*** Collected material Section Begins ***

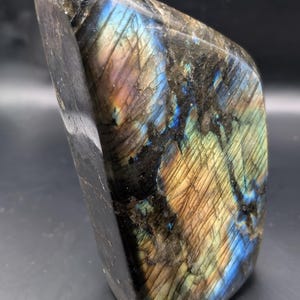Bloc de Labradorite naturelle polie | Madagascar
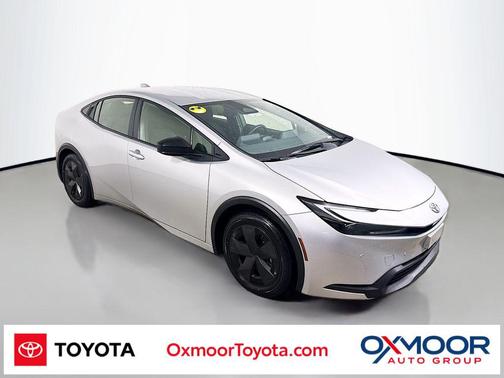 2025 Toyota Prius LE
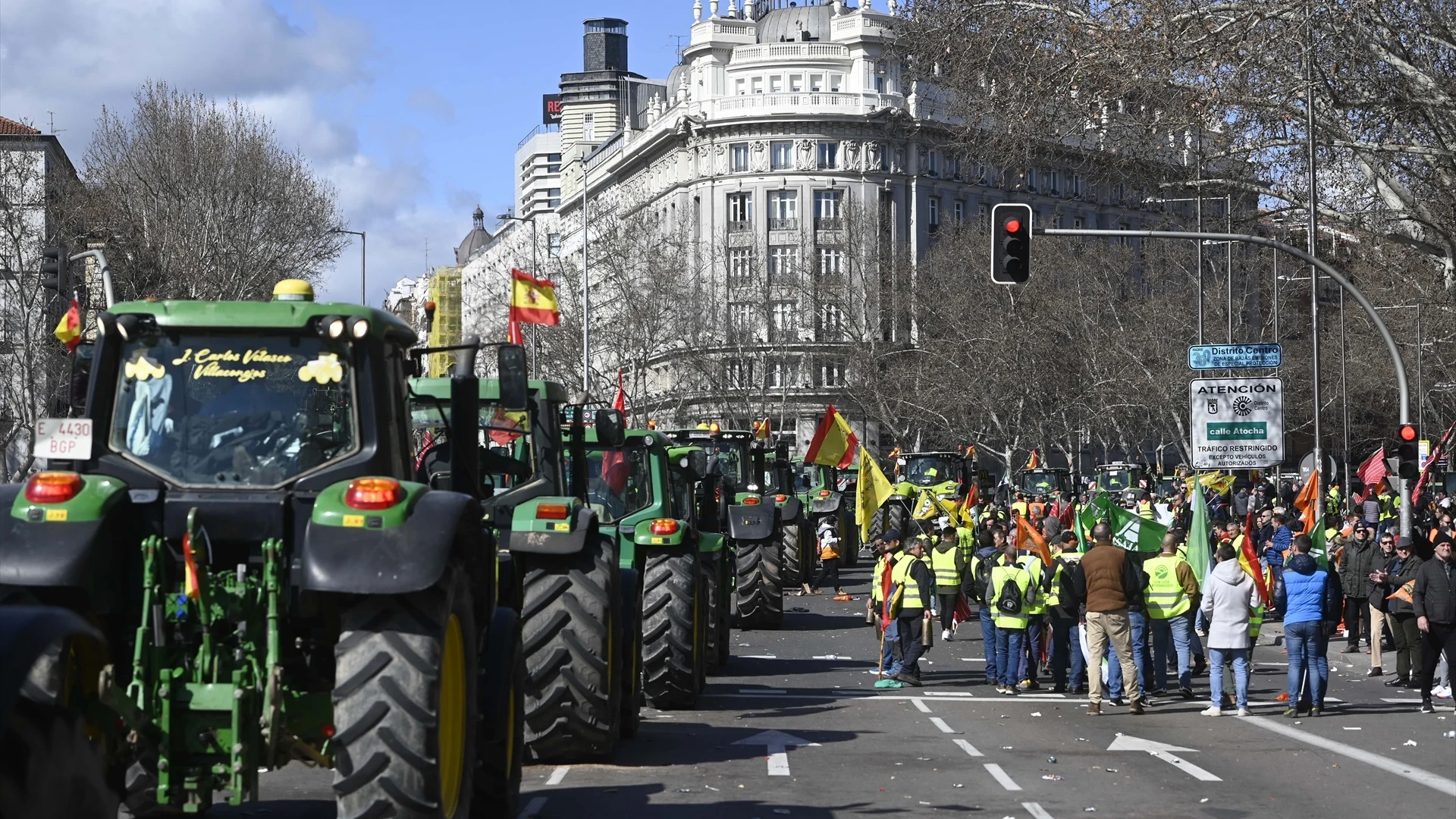 Una columna de tractores llega a la concentración de agricultores en el Ministerio de Agricultura, a 26 de febrero de 2024, en Madrid (España).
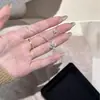 Nuevo Collar Colgante de Trébol de Cuatro Hojas para Mujer, Diseño de Lujo Ligero de Nicho con Incrustaciones de Diamantes, Accesorio de Moda y Tendencia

*** Collected material Section Ends ***

*Work instructions*: Reproduce, with the pictures omitted, exactly those lines that run from the line with "Una columna de" to the last line of the material, both ends included.

*Exercise solution*:
 Una columna de tractores llega a la concentración de agricultores en el Ministerio de Agricultura, a 26 de febrero de 2024, en Madrid (España).
 Nuevo Collar Colgante de Trébol de Cuatro Hojas para Mujer, Diseño de Lujo Ligero de Nicho con Incrustaciones de Diamantes, Accesorio de Moda y Tendencia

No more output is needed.